The Albion - A restaurant review

Bristol Albion CrestDuring our dash to Bristol, the Rural Correspondent, the Editor and a loyal companion were lucky enough to sample the food at several public houses if, however, a ‘gastropub’ is a public house rather than a restaurant. The term ‘gastropub’ itself is both ugly and misleading; if the place is good enough to attract discerning people beyond its immediate geography it deserves to called a restaurant.
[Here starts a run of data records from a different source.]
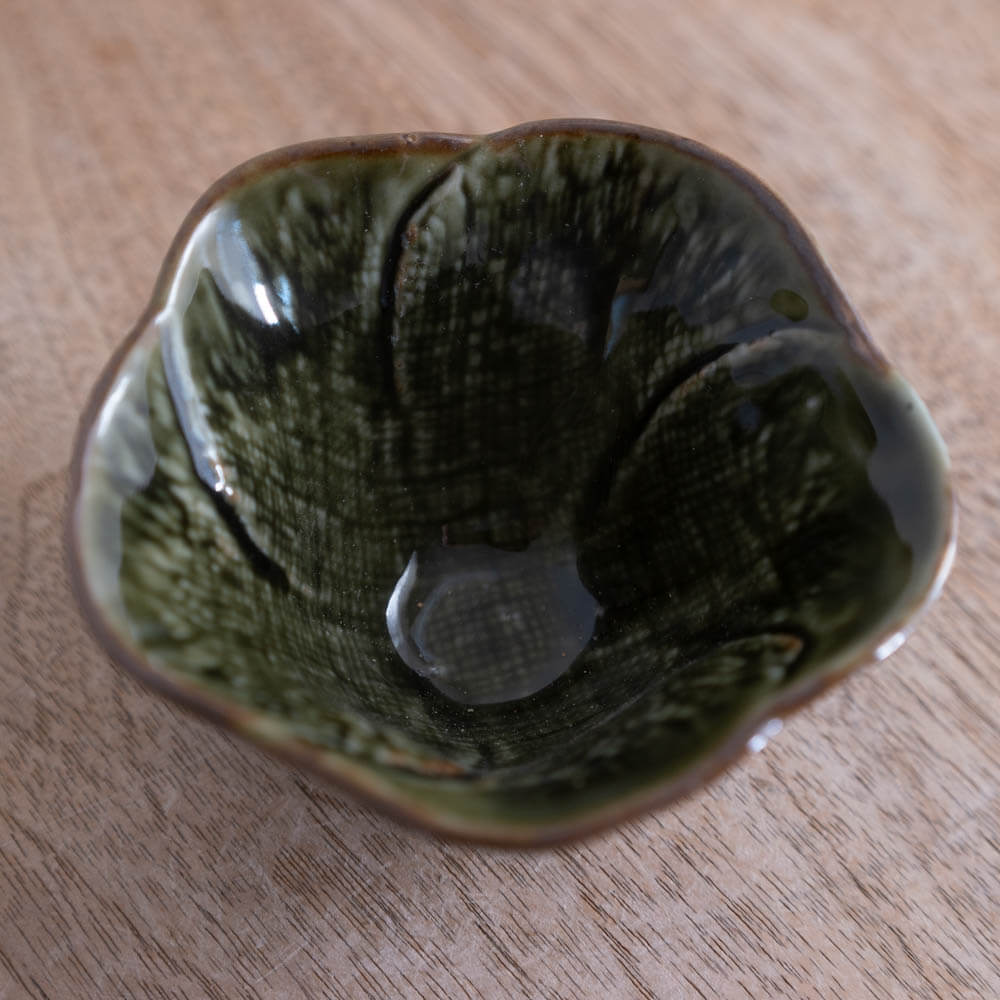 【WEB限定】花型三ﾂ足珍味 オリベ -器市-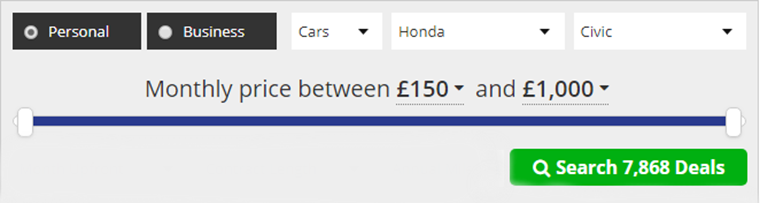 Honda Civic personal lease deals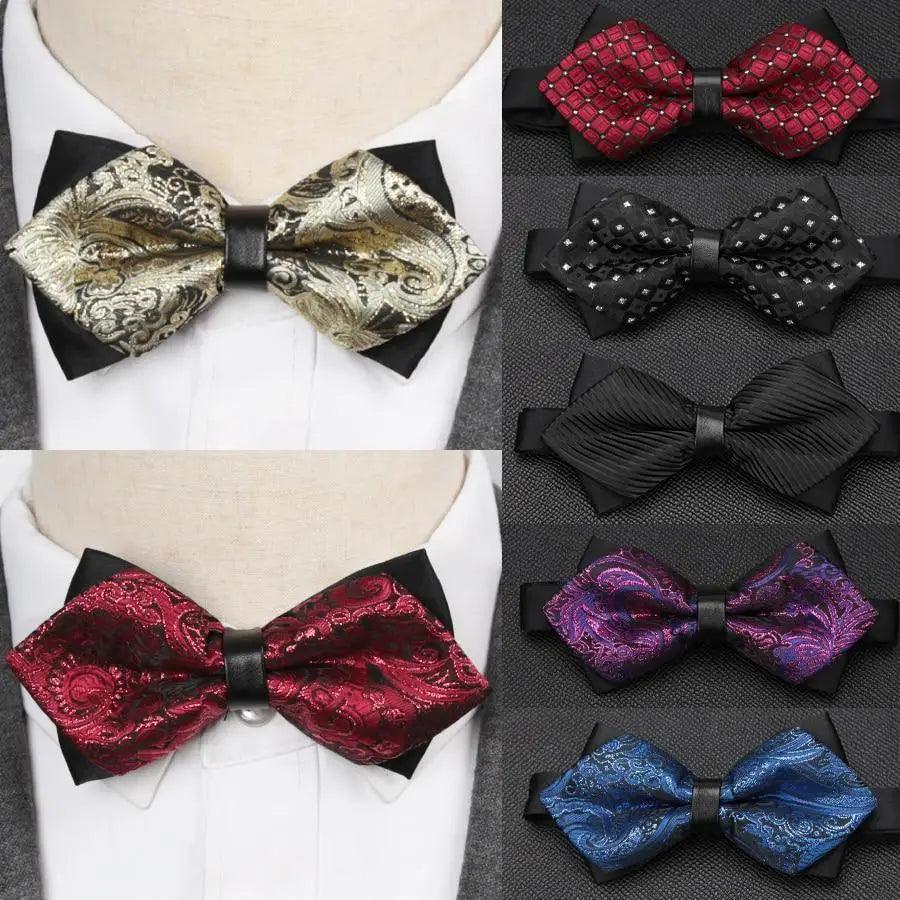 Wedding Men Butterfly Bowtie Formal Bow Ties Beautiful Printed Men Luxury Adjustable Business Bowties Stevvex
That said, ‘gastropub’ does seem from our experience of the genre to stand in as shorthand for “we are not going to bother with putting together much of a wine list and we may not bother with cask beer either.” The food can be another matter altogether--or not.

Despite mixed online reviews and our misgivings about gastropubs, we decided to venture to The Albion in Clifton for dinner. Along with The Eagle in Farringdon, London, The Albion was one of the first gastropubs in Britain and that gave us additional pause. Despite a rapturous following, The Eagle is cramped, the food can be lackluster and dining conditions are random. You take what you find, to the extreme that during some of our visits some diners, including this discomfited Editor, wound up dining without a table by attempting to balance plate and glass laptop style: No fun.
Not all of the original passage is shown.